Find the line that contains "1 Bedroom Flat". Copy it and every line after it to the end of the material below, exactly, with no pictures.

Extracted information below:

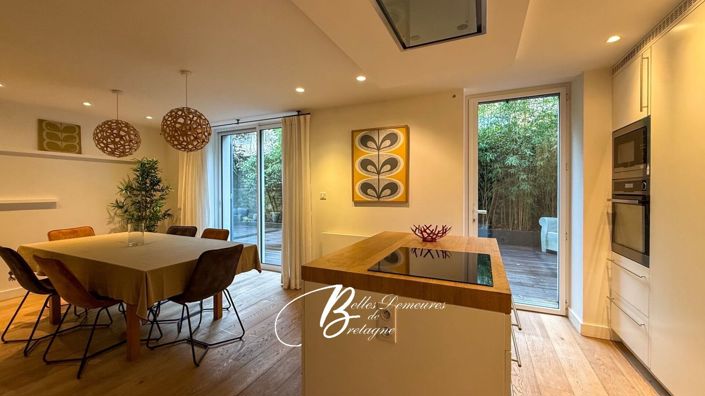 Image No.8-4 Bed House for sale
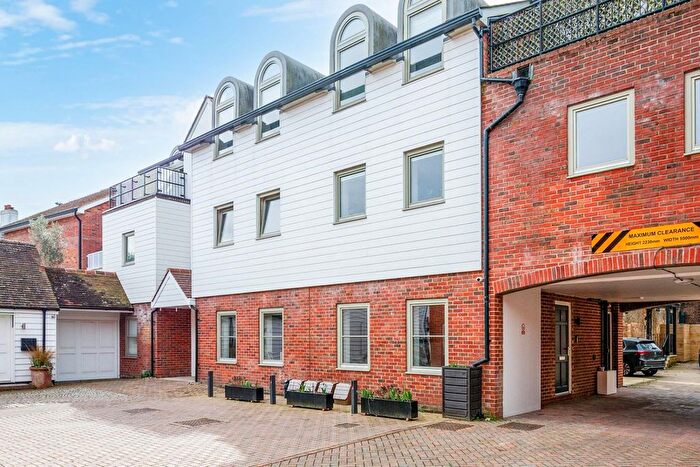 1 Bedroom Flat For Sale In High Street, Ewell, KT17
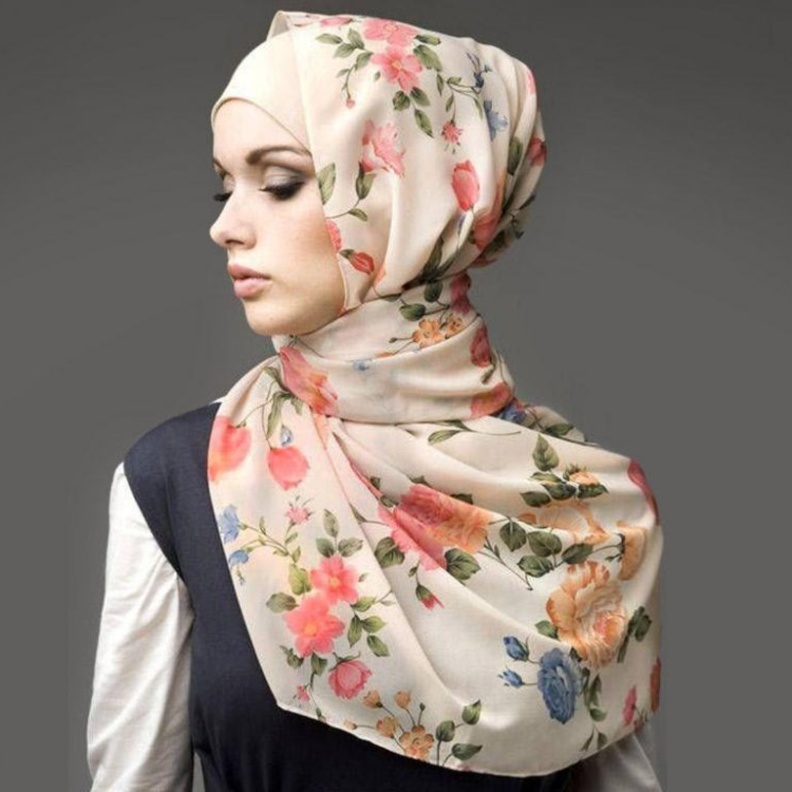 احدث لفات حجاب تركي مع ترك إحدى الطرفين من المشلح أطول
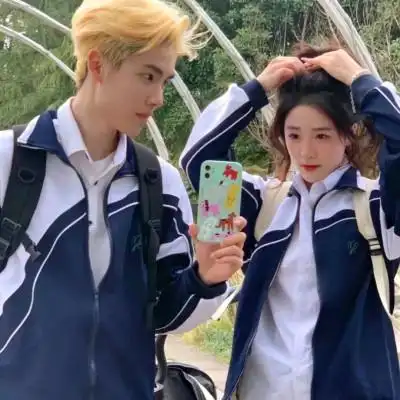 情头 情侣 双人真人一人一半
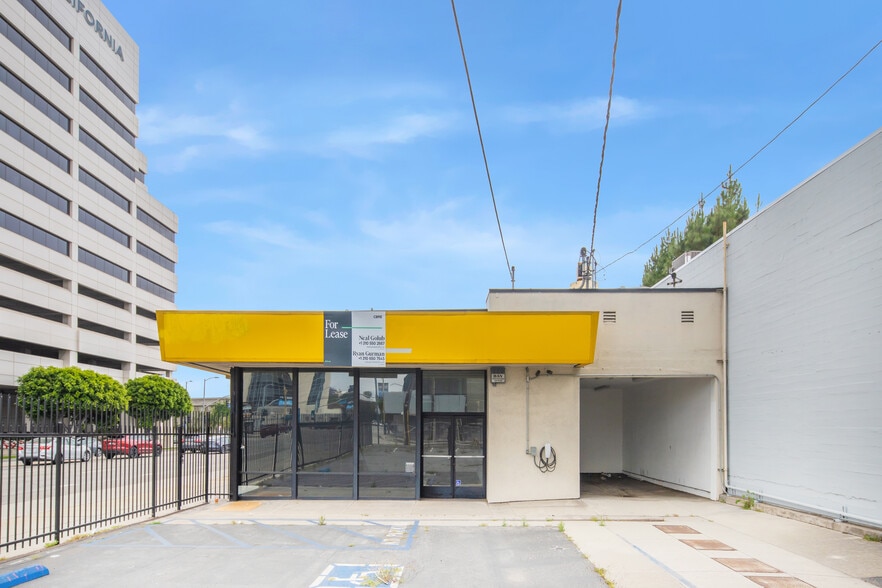 More Photos Of 11151 W Olympic Blvd, Los Angeles Freestanding For Lease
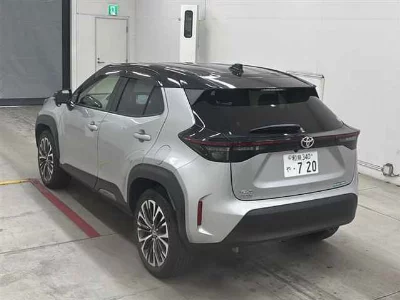 TOYOTA YARIS CROSS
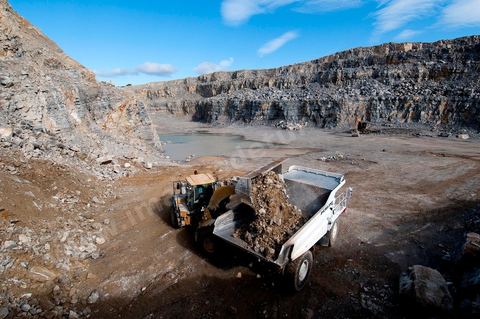 Carrière d'extraction et production de gravier et sable pour le BTP de la société SOMATP du groupe Bouzguenda Frères près de Grombalia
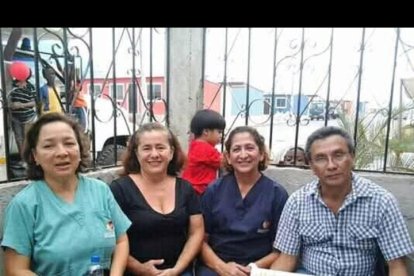 GLORIA GUERRERO CON MÉDICOS EN BRIGADA EN SOCIO VIVIENDA
La lideresa barrial con el personal médico que llegó a Socio Vivienda 2 en 2013.06/03/2026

End of Extracted information.

### Solution
 1 Bedroom Flat For Sale In High Street, Ewell, KT17
 احدث لفات حجاب تركي مع ترك إحدى الطرفين من المشلح أطول
 情头 情侣 双人真人一人一半
 More Photos Of 11151 W Olympic Blvd, Los Angeles Freestanding For Lease
 TOYOTA YARIS CROSS
 Carrière d'extraction et production de gravier et sable pour le BTP de la société SOMATP du groupe Bouzguenda Frères près de Grombalia
 GLORIA GUERRERO CON MÉDICOS EN BRIGADA EN SOCIO VIVIENDA
La lideresa barrial con el personal médico que llegó a Socio Vivienda 2 en 2013.06/03/2026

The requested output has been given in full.